La terza e ultima sforbiciata: «La metodologia politica democratica sarà un peso morto nella crisi rivoluzionaria» che è la conclusione di questo ragionamento: «Nel momento in cui occorre la massima decisione e audacia, i democratici si sentono smarriti non avendo dietro uno spontaneo consenso popolare, ma solo un torbido tumultuare di passioni; pensano che loro dovere sia di formare quel consenso, e si presentano come predicatori esortanti, laddove occorrono capi che guidino sapendo dove arrivare; perdono le occasioni favorevoli al consolidamento del nuovo regime, cercando di far funzionare subito organi che presuppongono una lunga preparazione e sono adatti ai periodi di relativa tranquillità; danno ai loro avversari armi di cui quelli poi si valgono per rovesciarli; rappresentano insomma, nelle loro mille tendenze, non già la volontà di rinnovamento, ma le confuse volontà regnanti in tutte le menti, che, paralizzandosi a vicenda, preparano il terreno propizio allo sviluppo della reazione».
Momenti di crisi
Insomma, il Manifesto ci dice (a noi, non meno che ai suoi contemporanei) che i democratici non sanno reagire ai momenti di crisi di regime perché hanno una concezione della politica che è solo quella delle regole del gioco, la quale vale per la decisione politica in tempi di normale avvicendamento di maggioranze. Ma di fronte a un regime autoritario, queste armi sono spuntate.
Si tratta di riflessioni per nulla “datate”. E nascono da una domanda che molti studiosi si fanno oggi: come muoiono le democrazie? Questa è la domanda che i democratici dovrebbero farsi oggi, per esempio negli Stati Uniti, dove si vede ogni giorno la loro incapacità di comprendere i “tempi rivoluzionari” in cui si trovano – ovvero tempi di mutamento di regime. I democratici si attendo che le istituzioni facciano il loro lavoro. Ma non sanno dire cosa fare se chi governa non rispetta quelle regole e rigetta le decisioni di quelle istituzioni.

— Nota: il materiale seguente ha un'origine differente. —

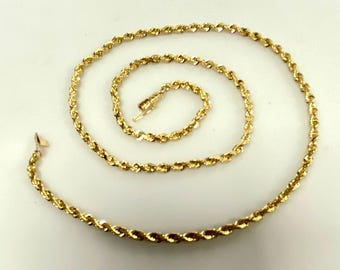 May include: A gold rope chain necklace and bracelet set. The necklace is longer than the bracelet.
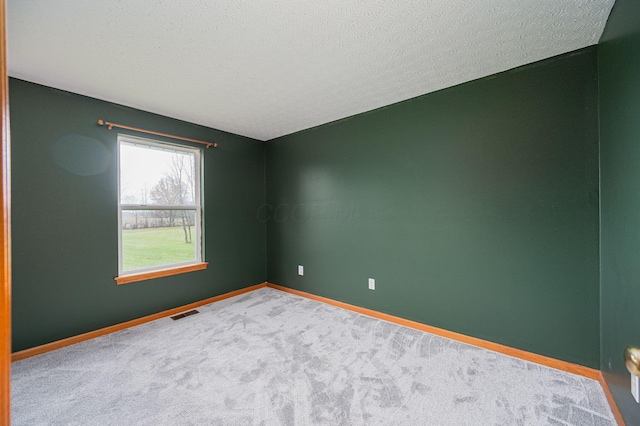 carpeted empty room with a textured ceiling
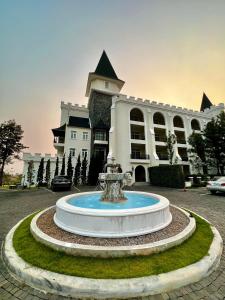 a fountain in front of a large building at Blue Sky Khao Kho Castell Condo in Campson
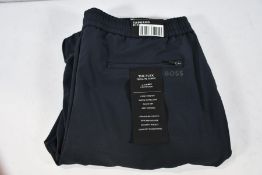 A pair of as new Hugo Boss T-Flex Chinos, Easy Iron Stretch Fabric, Size 50.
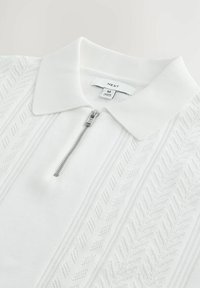 Polo de punto blanco con cierre de cremallera, que presenta patrones de diamante texturizados a los lados y un cuello acanalado. Etiqueta de marca visible.
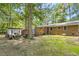 Backyard view of the home with brick exterior, deck, and wooded surroundings at 1139 Princeton Kenly Rd, Kenly, NC 27542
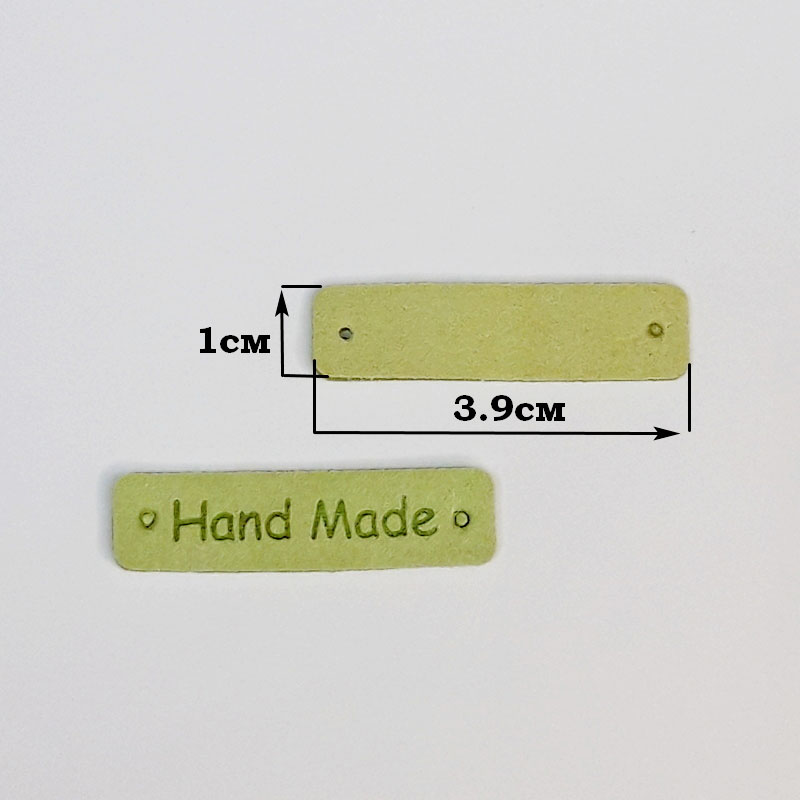 картинка Бирка кожаная "Hand made" 39×10мм цв.зеленый от магазина Пряжа Макошь Ярославль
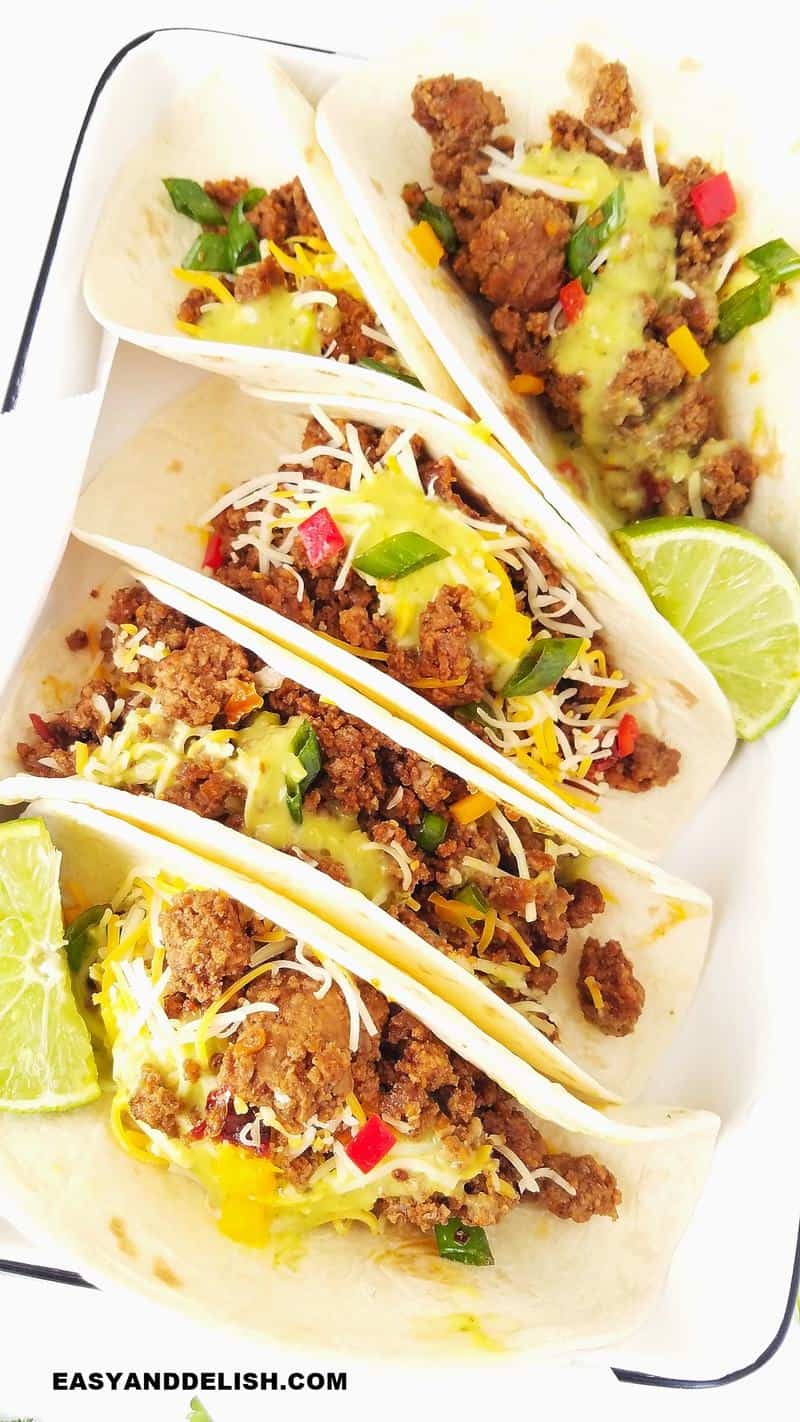 close up showing several tacos ina bowl made with Instant Pot ground beef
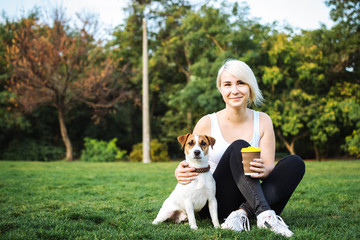 Young woman with cute jack russel terrier in park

Ci vedete cose vecchie nella riflessione degli europeisti di Ventotene? Direi che il vecchiume sta in coloro che oggi non si avvedono del rischio che le democrazie corrono. E non sanno che cosa fare per ragioni più o meno simili a quelle messe in luce dagli autori del Manifesto. Gli europeisti di Ventotene avevano lo sguardo lungo: la “rivoluzione democratica” europea doveva portare alla federazione dei paesi del continente. La federazione è una forma di organizzazione che si basa sul consenso volontario e quindi la fiducia. Senza una “rivoluzione democratica” (ovvero con un regime autocratico) non si dà né l’uno né l’altra.
Chiede Origgi nel suo post: «Lo avete l’avete letto il Manifesto di Ventotene? E i vostri figli? È online, è corto. Leggetelo. Anche a scuola. L’unica lotta collettiva contro la propaganda fascista è l’intelligenza e la buona informazione».